# Video Segment Detection using Amazon Rekognition

***
This notebook provides a walkthrough of [Video Segment Detection APIs](https://docs.aws.amazon.com/rekognition/latest/dg/segments.html) in Amazon Rekognition.

Today, companies use large teams of trained human workforces to perform tasks such as the following.

* Finding where the end credits begin in a piece of content.
* Choosing the right spots to insert advertisments.
* Breaking up videos into smaller clips for better indexing.

Amazon Rekognition Video makes it easy to automate these operational media analysis tasks by providing fully managed, purpose-built APIs powered by Machine Learning (ML). By using the Amazon Rekognition Video segment APIs, you can easily analyze large volumes of videos and detect markers such as black frames or shot changes.
***

### Getting Started

In [None]:
# Initialise Notebook
import boto3
from IPython.display import Image as IImage, display
from IPython.display import HTML, display
from PIL import Image, ImageDraw, ImageFont
import time
import os

In [None]:
# Curent AWS Region. Use this to choose corresponding S3 bucket with sample content

mySession = boto3.session.Session()
awsRegion = mySession.region_name

In [None]:
# Init clients
rekognition = boto3.client('rekognition')
s3 = boto3.client('s3')

# Set the name of our bucket
bucketName = "aws-rek-immersionday-" + awsRegion

## Shot Detection

***
A shot is a series of interrelated consecutive pictures taken contiguously by a single camera and representing a continuous action in time and space. With Amazon Rekognition Video, you can detect the start, end, and duration of each shot, as well as a count for all the shots in a piece of content.

Our video contains two different shots, and Amazon Rekognition detects the change in shot, and provides specific information about when the shots start and finish.
***

#### Let's take a look at new raw video

In [None]:
#Define the video that we want to process
videoName = "media/video-segment-detection/shots_video.mp4"
s3VideoUrl = s3.generate_presigned_url('get_object', Params={'Bucket': bucketName, 'Key': videoName})

#Create a video HTML 5 tag which can be rendered in our Jupyter notebook and display it.
videoTag = "<video controls='controls' width='640' height='360' name='Video' src='{0}'></video>".format(s3VideoUrl)
videoui = "<table><tr><td style='vertical-align: top'>{}</td></tr></table>".format(videoTag)
display(HTML(videoui))

#### Now we start the asynchronous job to detect technical cues

In [None]:
#Make the API Call to start shot detection
startSegmentDetection = rekognition.start_segment_detection(
    Video={
        'S3Object': {
            'Bucket': bucketName,
            'Name': videoName,
        },
    },
    SegmentTypes=['SHOT']
)

#Grab and print the ID of our job
segmentationJobId = startSegmentDetection['JobId']
display("Job Id: {0}".format(startSegmentDetection))

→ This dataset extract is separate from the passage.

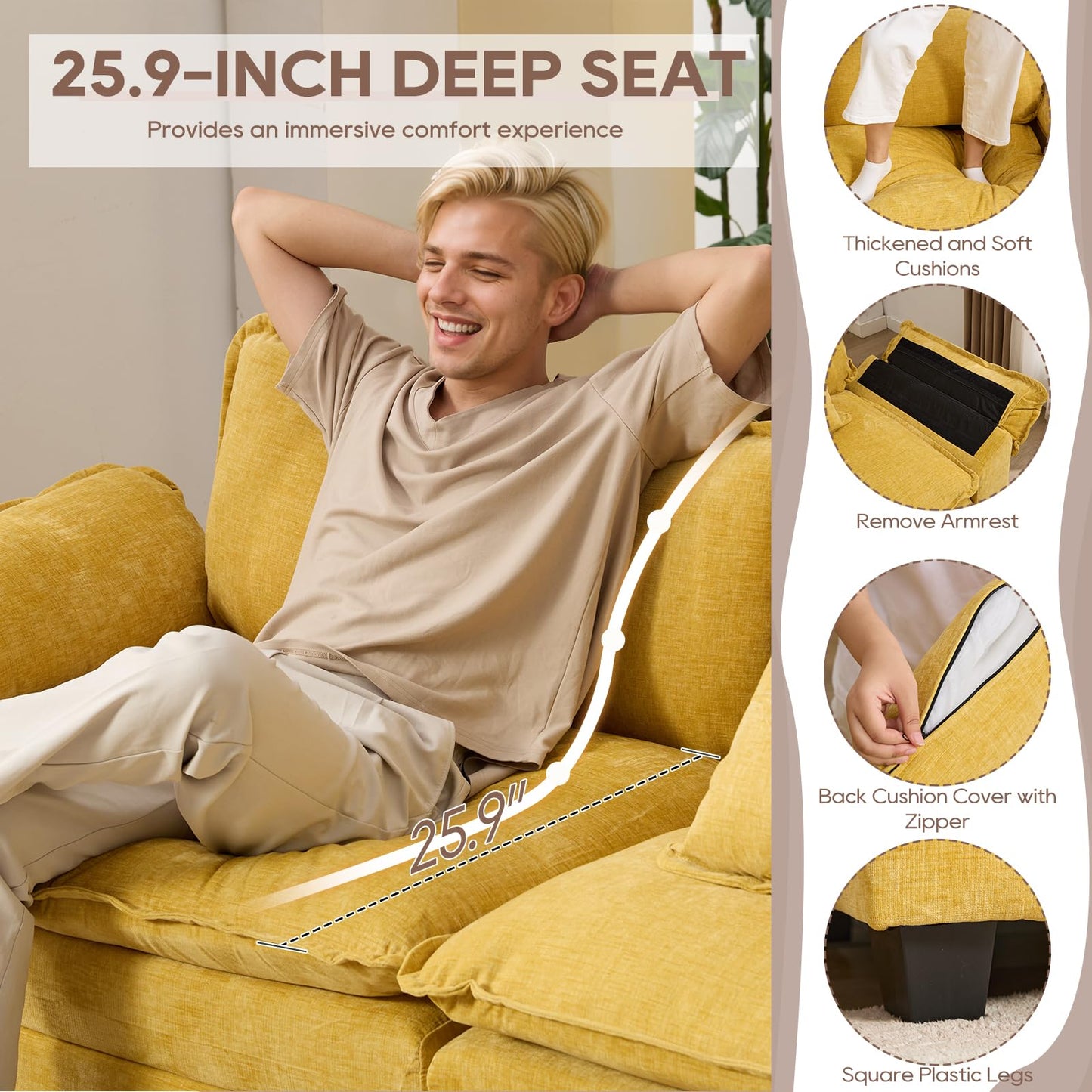 IPKIG 117" Sectional Sofa Cloud Couch, Modern Chenille U-Shaped Couch Comfy Upholstered 3-Seat Sofa with 2 Ottoman, 3 Lumbar Pillow, Deep Seat Modular Sofa for Living Room, Apartment, Studio, Yellow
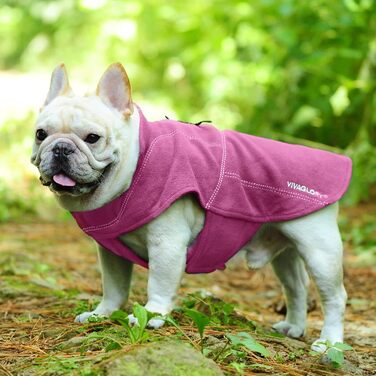 Теплий зимовий пуховик для собак VIVAGLORY з флісу, з захистом живота та клямками, регульований, S, фуксія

#### And wait for the job to complete

In [None]:
#Grab the segment detection response
getSegmentDetection = rekognition.get_segment_detection(
    JobId=segmentationJobId
)

#Determine the state. If the job is still processing we will wait a bit and check again
while(getSegmentDetection['JobStatus'] == 'IN_PROGRESS'):
    time.sleep(5)
    print('.', end='')
 
    getSegmentDetection = rekognition.get_segment_detection(
    JobId=segmentationJobId)
    
#Once the job is no longer in progress we will proceed
display(getSegmentDetection['JobStatus'])

#### Now we will view and process the response from Amazon Rekognition

In [None]:
#Print the raw response
print(getSegmentDetection)

In [None]:
for technicalCue in getSegmentDetection['Segments']:
    print(technicalCue)
    
    #Find the start point of the scene
    frameStartValue = technicalCue['StartTimestampMillis']
    #Divide by 1000 to convert from milliseconds to seconds
    frameStartValue = frameStartValue/1000.0
    
    #Find the start point of the scene
    frameEndValue = technicalCue['EndTimestampMillis']
    #Divide by 1000 to convert from milliseconds to seconds
    frameEndValue = frameEndValue/1000.0
    
    #Create a video HTML 5 tag which can be rendered in our Jupyter notebook and display it.
    #This video tag will start on the first frame identified by the shot, and end on the last frame.
    videoTag = "<video width='640' controls loop height='360' name='Video' src='{0}{1}{2}{3}{4}'></video>".format(s3VideoUrl,'#t=',frameStartValue,',',frameEndValue)
    videoui = "<table><tr><td style='vertical-align: top'>{}</td></tr></table>".format(videoTag)
    display(HTML(videoui))

## Technical Cue Identification

***
We've gone ahead and added some technical cues to our previous video. These include a SMPTE color bar image which is used for device callibration. It also includes a group of black frames which are commonly included in content to symbol where a break may be placed for something like commercial insertion. Finally, we've included some sample credits at the end.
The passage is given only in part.